Here's the setup. I'm done reading about functions and permutations. In the homework problems for permutations, I'm on a section that focuses on the properties of permutations of a set A. The symmetric group on A, SA, is the set of all the permutations of A. In all the problems, G is a subset of SA, and you have to prove that G is a subgroup of SA given specific information. I'm stuck on the 4th problem. I'll go through #1-3 first, giving informal proofs along the way.
1. Let A be a set and a be an element of A. Let G be the subset of SA consisting of all the permutations f of A such that f(a)=a. Prove that G is a subgroup of SA. To prove this, you have to show closure for operation (composition) and for inverses.
- Let g be an element of G. Then g(a)=a. f(g(a))=f(a)=a, and g(f(a))=g(a)=a. Therefore, G is closed with respect to composition.
- If f(a)=a, then f-1(a)=a. Therefore, G is closed under inverses.
- When performing fog and gof, the number of elements that get moved are at most the combined total number of finite moveable elements of each permutation. So if {a1,..., am} are the moveable elements of f and {b1,...,bn} are the moveable elements of g, and both sets of moveable elements are mutually exclusive; then fog and gof have at most the combined total number from both sets of finite moveable elements.

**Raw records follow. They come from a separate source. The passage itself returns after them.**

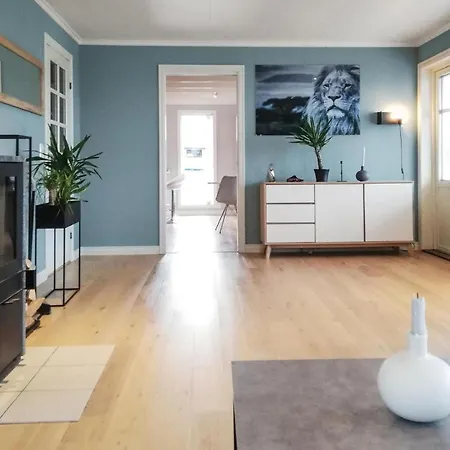 Amazing In With 3 Bedrooms, Jacuzzi And Wifi Apartment *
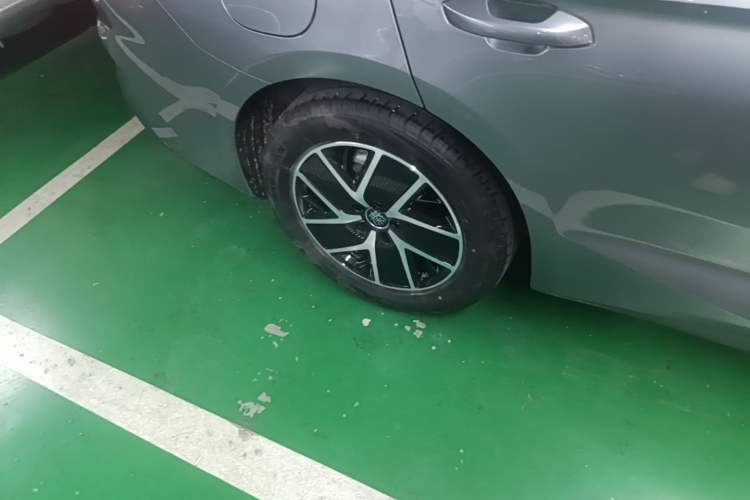 Used BYD Qin L 2024 DM-i 120KM Leading Model Right Rear Wheel Hub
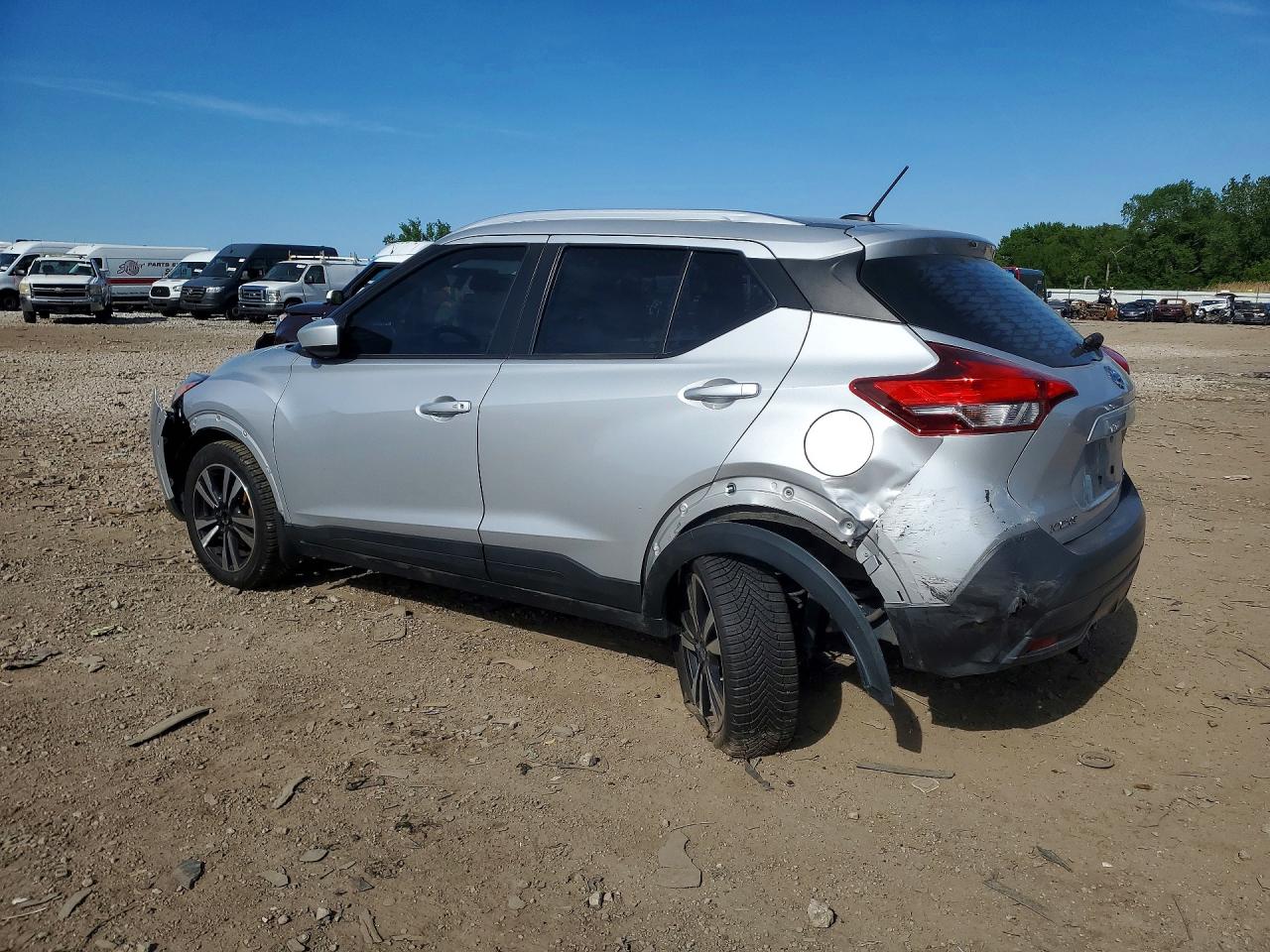 2019 NISSAN KICKS SV photo 3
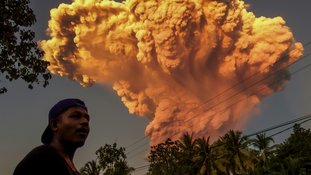 Alerta máximo na Indonésia por vulcão em erupção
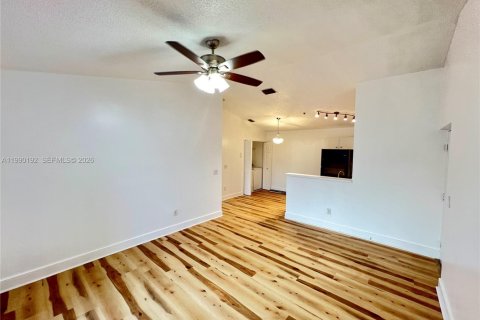 Copropriété à vendre à Coconut Creek, Floride: 1 chambre, 78.6 m2 № 2060483 - photo 2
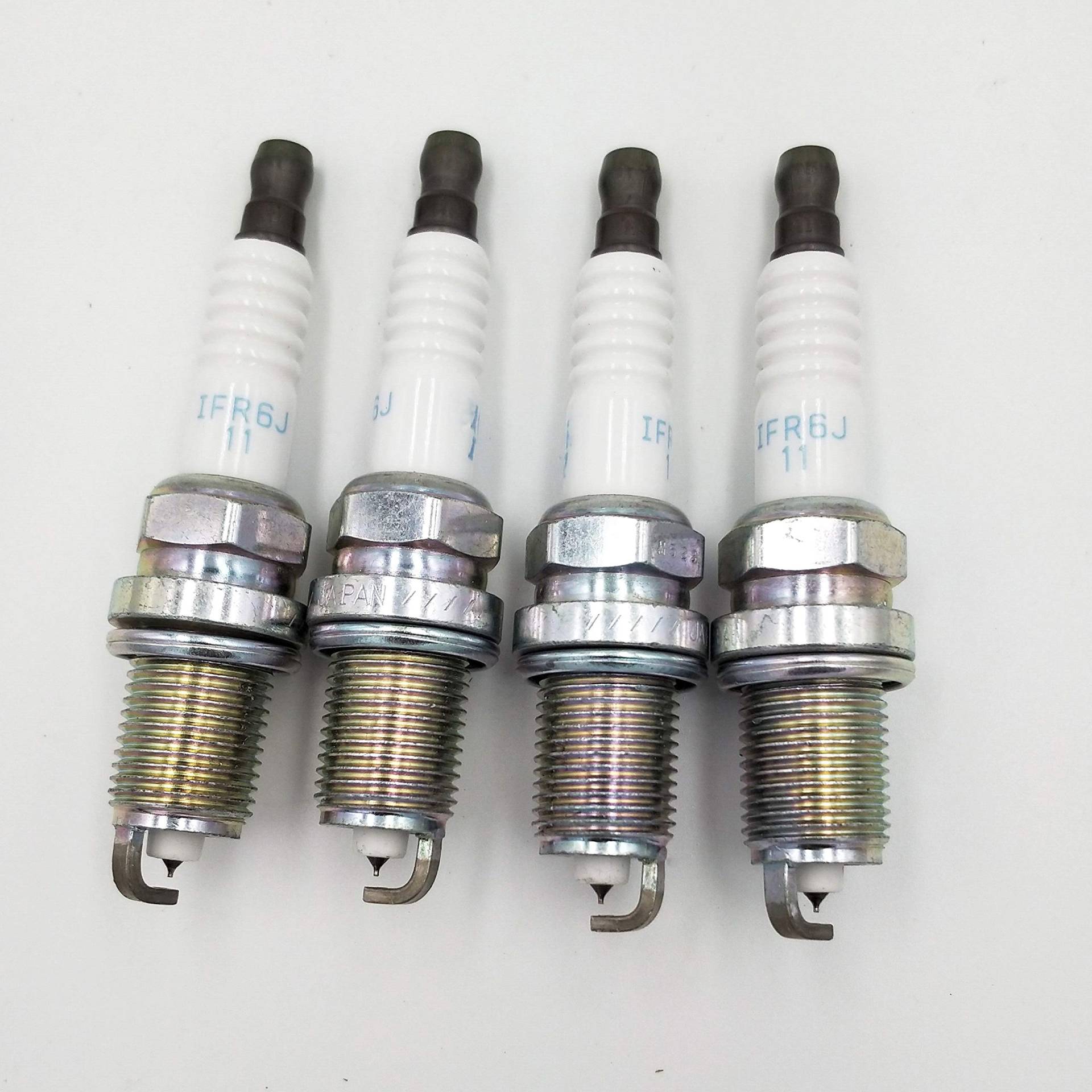 Kfz-Zündkerzen 4PCS Iridium Platin IFR6J11 IFR6J11 7658 IFR6J 11 Zündkerze Kompatibel mit Jimny Autoteile von WFUIFFWX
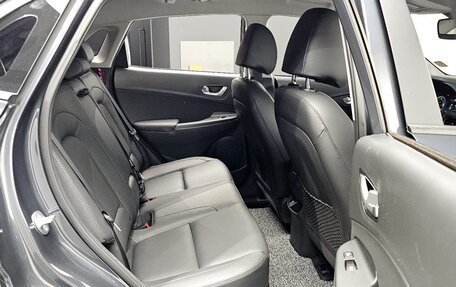 Hyundai Kona I, 2021 год, 1 810 000 рублей, 17 фотография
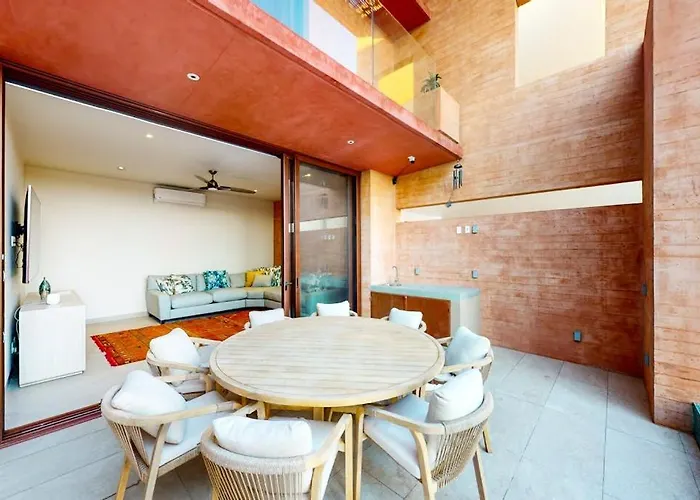 Сasa de vacaciones Luxury House With Private Pool, Ocean View, Inviting Balcony & Elegant Charm *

Since this number of elements is finite, composition is closed for G.
- Elements of f and g that don't move are of the form f(x)=x. This keeps the images of the moveable elements within the set of finite moveable elements because f-1(x)=x and permutations are bijective. Therefore, if ai and aj are moveable elements of f, then f(ai)=aj and f-1(aj)=ai. The inverse of a f has a finite number of moveable elements. Hence, G is closed under inverses.
- Let g be a permutation contained in G. If x is in B, then g(x) is in B. Since g(x) is in B, then f(g(x)) is in B as well. Similarly you can prove that [gof](x) is in B. Therefore, G is closed under composition.
- Since the images of all the elements of B are in B and permutations are bijective, then f-1 carries elements of B to B, too. Therefore, G is closed under inverses.
B could be infinite which could affect the outcome. If B was infinite, then it might be possible for an element outside of B to have an image in B. Although that wouldn't make any sense since G is bijective. I cannot for the life of me think of a counterexample where either [fog] or f-1 isn't in B, especially since permutations are bijective. I'm a little muddy on how A being infinite would change anything.